Master grouping and aggregation to extract meaningful statistics from your data.


🎯 Understanding groupby()

The `groupby()` method groups data by one or more columns, then applies operations to each group.

import pandas as pd

df = pd.DataFrame({
    'department': ['Sales', 'IT', 'Sales', 'IT', 'HR'],
    'name': ['Alice', 'Bob', 'Carol', 'David', 'Eve'],
    'salary': [50000, 60000, 55000, 70000, 45000]
})

# Group by department
grouped = df.groupby('department')

# Get average salary per department
avg_salary = grouped['salary'].mean()
print(avg_salary)
# department
# HR       45000
# IT       65000
# Sales    52500

📈 Common Aggregation Functions

import pandas as pd

df = pd.DataFrame({
    'category': ['A', 'A', 'B', 'B', 'C'],
    'value': [10, 15, 20, 25, 30]
})

grouped = df.groupby('category')

# Sum
print(grouped['value'].sum())      # Total per category
# Count
print(grouped['value'].count())    # Number of items
# Mean
print(grouped['value'].mean())     # Average
# Min/Max
print(grouped['value'].min())      # Minimum
print(grouped['value'].max())      # Maximum
# Std Dev
print(grouped['value'].std())      # Standard deviation
# Multiple aggregations
print(grouped['value'].agg(['sum', 'mean', 'count']))

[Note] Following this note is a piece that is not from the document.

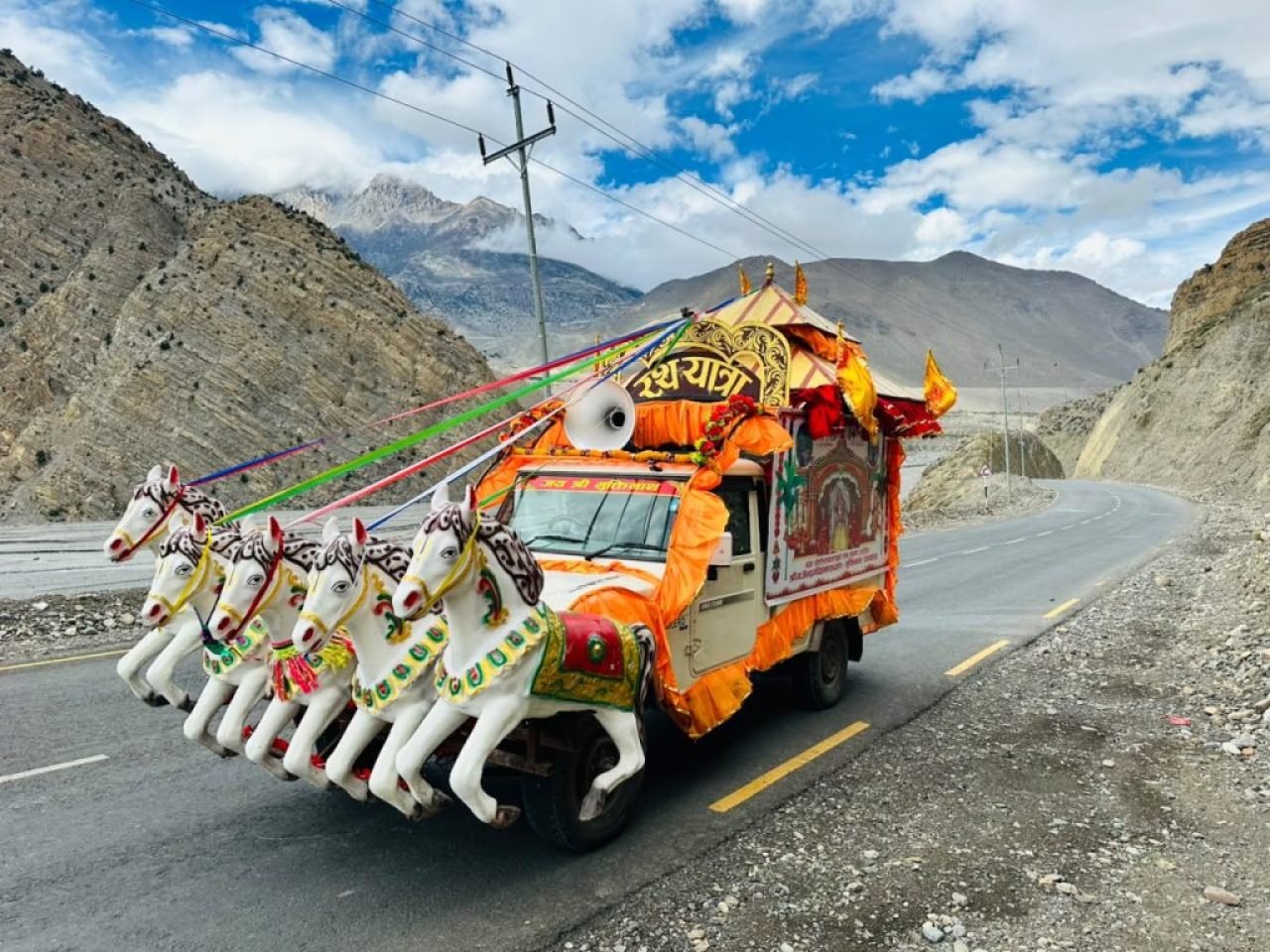 ratyatra (1)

🔀 Grouping by Multiple Columns

import pandas as pd

df = pd.DataFrame({
    'year': [2023, 2023, 2023, 2024, 2024, 2024],
    'quarter': ['Q1', 'Q2', 'Q1', 'Q2', 'Q1', 'Q2'],
    'sales': [100, 150, 120, 200, 180, 210]
})

# Group by year and quarter
grouped = df.groupby(['year', 'quarter'])['sales'].sum()
print(grouped)

# More readable output
summary = df.groupby(['year', 'quarter']).agg({'sales': ['sum', 'mean']})
print(summary)

🎨 Custom Aggregations

import pandas as pd

df = pd.DataFrame({
    'department': ['Sales', 'IT', 'Sales', 'IT'],
    'name': ['Alice', 'Bob', 'Carol', 'David'],
    'salary': [50000, 60000, 55000, 70000]
})

# Single aggregation function
result = df.groupby('department')['salary'].agg(lambda x: x.max() - x.min())
print(result)  # Salary range per department

# Multiple aggregations with custom names
result = df.groupby('department').agg({
    'salary': ['min', 'max', 'mean'],
    'name': 'count'
}).rename(columns={'name': 'employee_count'})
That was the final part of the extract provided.